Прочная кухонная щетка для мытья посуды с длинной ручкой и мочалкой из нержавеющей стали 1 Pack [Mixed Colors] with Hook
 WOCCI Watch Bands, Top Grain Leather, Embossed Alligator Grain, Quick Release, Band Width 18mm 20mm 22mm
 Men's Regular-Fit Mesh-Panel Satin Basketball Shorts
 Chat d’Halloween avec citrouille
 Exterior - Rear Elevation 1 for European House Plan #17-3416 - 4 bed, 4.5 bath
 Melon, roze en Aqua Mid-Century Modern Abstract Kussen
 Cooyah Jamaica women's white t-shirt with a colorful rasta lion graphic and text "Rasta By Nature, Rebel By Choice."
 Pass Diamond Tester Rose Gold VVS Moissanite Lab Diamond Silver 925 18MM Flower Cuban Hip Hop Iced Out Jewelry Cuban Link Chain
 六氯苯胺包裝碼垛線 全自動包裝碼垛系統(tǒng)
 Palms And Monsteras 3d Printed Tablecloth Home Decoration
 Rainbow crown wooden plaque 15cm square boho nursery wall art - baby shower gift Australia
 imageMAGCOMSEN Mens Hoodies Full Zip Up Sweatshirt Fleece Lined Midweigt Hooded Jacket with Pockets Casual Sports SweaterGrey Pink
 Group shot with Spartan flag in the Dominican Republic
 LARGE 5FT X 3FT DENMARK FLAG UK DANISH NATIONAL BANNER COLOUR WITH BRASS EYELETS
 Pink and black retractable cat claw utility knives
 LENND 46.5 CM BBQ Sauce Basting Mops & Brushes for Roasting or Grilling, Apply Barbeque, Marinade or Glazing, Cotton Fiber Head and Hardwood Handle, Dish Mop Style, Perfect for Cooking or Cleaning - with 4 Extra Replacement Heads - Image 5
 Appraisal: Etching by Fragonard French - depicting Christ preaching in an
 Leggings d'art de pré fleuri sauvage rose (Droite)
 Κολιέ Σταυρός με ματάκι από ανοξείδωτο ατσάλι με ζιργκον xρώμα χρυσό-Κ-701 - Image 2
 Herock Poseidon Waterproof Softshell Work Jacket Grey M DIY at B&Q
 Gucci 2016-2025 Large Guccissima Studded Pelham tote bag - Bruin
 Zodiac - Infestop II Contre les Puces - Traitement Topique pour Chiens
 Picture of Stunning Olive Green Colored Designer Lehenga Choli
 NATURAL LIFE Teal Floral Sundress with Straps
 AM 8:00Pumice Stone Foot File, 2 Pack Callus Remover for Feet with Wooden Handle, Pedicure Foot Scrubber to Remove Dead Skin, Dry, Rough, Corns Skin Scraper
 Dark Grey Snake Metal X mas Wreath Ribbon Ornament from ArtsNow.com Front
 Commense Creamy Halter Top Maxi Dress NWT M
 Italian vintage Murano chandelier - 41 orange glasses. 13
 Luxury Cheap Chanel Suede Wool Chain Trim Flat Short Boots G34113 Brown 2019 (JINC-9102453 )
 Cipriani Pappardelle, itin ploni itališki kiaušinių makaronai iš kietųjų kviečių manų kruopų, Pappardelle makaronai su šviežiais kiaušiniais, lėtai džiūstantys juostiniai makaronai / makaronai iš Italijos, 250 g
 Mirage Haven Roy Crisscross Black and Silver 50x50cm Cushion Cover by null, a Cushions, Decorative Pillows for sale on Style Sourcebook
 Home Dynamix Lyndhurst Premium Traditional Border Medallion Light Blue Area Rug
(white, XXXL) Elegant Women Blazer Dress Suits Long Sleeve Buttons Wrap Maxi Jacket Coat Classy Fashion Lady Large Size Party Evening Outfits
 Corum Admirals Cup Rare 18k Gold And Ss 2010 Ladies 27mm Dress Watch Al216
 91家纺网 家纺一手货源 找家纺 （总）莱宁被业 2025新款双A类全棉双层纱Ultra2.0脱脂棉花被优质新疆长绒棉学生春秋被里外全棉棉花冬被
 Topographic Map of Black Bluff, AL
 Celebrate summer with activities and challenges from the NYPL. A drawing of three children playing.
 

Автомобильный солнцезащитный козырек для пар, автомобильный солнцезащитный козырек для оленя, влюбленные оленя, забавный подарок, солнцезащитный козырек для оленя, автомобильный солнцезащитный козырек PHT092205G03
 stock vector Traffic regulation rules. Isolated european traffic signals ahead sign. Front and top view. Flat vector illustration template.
____________________
▶ **About this exercise**: Copy every line of the listing that contains the word "Silver".

▶ **Answer to the problem**:
 Pass Diamond Tester Rose Gold VVS Moissanite Lab Diamond Silver 925 18MM Flower Cuban Hip Hop Iced Out Jewelry Cuban Link Chain
 Mirage Haven Roy Crisscross Black and Silver 50x50cm Cushion Cover by null, a Cushions, Decorative Pillows for sale on Style Sourcebook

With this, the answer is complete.